- _WHAT IS EXPECTED_
Scan the records for the string "Gold"; copy each line where it occurs.

(Collection entries)
- - -

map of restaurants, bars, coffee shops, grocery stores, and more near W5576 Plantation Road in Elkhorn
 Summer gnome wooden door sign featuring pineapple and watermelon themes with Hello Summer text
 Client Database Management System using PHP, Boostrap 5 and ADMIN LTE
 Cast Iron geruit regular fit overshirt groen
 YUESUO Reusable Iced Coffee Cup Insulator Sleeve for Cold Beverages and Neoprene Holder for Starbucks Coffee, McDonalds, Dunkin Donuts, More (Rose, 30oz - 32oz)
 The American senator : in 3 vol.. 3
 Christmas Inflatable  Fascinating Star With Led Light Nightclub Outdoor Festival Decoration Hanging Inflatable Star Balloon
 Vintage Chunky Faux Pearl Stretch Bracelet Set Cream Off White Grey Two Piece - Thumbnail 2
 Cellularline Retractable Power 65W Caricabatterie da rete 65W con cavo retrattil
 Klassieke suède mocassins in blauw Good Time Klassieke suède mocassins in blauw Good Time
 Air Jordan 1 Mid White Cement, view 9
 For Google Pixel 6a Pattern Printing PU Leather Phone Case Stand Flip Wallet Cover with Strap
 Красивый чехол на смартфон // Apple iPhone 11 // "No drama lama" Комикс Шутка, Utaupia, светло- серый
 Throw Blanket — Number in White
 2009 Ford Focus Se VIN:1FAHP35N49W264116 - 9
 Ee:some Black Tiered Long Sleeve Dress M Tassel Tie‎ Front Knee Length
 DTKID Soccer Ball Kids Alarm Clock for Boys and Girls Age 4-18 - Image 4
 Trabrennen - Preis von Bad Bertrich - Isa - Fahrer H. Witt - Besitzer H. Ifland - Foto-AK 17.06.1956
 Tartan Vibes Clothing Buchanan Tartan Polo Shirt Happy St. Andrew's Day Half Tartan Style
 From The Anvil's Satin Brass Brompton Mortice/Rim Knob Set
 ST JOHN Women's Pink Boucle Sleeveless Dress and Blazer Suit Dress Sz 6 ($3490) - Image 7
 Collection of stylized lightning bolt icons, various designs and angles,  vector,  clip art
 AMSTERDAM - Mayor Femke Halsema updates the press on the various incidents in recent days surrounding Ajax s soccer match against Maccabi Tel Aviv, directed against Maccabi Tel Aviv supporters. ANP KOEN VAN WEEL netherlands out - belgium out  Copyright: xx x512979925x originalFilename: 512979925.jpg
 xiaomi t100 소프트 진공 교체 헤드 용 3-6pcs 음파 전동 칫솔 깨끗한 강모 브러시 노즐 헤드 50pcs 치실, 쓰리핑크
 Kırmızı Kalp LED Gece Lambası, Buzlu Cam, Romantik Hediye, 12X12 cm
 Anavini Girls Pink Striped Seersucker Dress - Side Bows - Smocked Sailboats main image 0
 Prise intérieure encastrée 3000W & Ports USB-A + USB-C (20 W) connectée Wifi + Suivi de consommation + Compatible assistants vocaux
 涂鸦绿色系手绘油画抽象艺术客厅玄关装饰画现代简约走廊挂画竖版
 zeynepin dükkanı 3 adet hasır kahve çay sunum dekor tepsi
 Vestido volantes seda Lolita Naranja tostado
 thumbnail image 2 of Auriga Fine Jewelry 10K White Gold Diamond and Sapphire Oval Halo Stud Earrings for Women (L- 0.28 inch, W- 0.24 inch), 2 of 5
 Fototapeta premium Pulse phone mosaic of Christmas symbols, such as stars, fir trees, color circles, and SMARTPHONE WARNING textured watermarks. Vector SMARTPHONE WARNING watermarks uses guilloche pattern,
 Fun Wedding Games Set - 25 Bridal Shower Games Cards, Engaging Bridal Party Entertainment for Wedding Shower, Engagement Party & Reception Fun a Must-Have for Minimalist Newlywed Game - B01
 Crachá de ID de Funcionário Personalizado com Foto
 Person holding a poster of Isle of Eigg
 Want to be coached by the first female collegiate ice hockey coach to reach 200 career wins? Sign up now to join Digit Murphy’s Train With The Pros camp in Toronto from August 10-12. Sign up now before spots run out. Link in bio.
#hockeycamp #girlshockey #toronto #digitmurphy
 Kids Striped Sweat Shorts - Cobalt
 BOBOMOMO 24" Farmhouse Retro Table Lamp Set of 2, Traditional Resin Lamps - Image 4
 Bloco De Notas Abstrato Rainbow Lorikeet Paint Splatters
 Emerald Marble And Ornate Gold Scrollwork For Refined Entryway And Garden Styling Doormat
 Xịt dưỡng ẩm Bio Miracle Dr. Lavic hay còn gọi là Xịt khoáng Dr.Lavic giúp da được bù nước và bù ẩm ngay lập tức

- - -

- _SOLUTION FOR THIS TASK_
 thumbnail image 2 of Auriga Fine Jewelry 10K White Gold Diamond and Sapphire Oval Halo Stud Earrings for Women (L- 0.28 inch, W- 0.24 inch), 2 of 5
 Emerald Marble And Ornate Gold Scrollwork For Refined Entryway And Garden Styling Doormat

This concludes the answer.